- [TASK ITEM]:
Transcribe exactly, and only, the lines that fall between the line containing "J.CREW Tie-front linen-blend" and the last line of the material, both ends included, omitting any pictures.

- [SOURCE DATA]:
-----

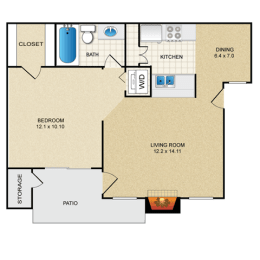1 bedroom, 1 bathroom  at Creekview Apartment Homes, Dallas, 75254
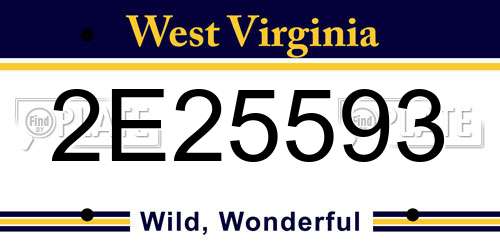 2E25593 West Virginia License Plate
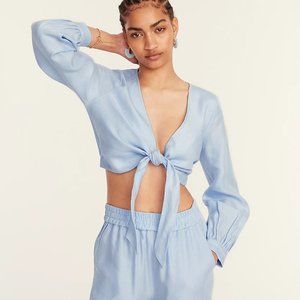 J.CREW Tie-front linen-blend cropped top - Gentle Sea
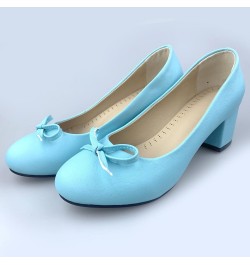 Women Closed Toe Block Heels Pumps with Bows Blue 2 $28.98 Pumps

-----

- [ANSWER SPACE]:
 J.CREW Tie-front linen-blend cropped top - Gentle Sea
 Women Closed Toe Block Heels Pumps with Bows Blue 2 $28.98 Pumps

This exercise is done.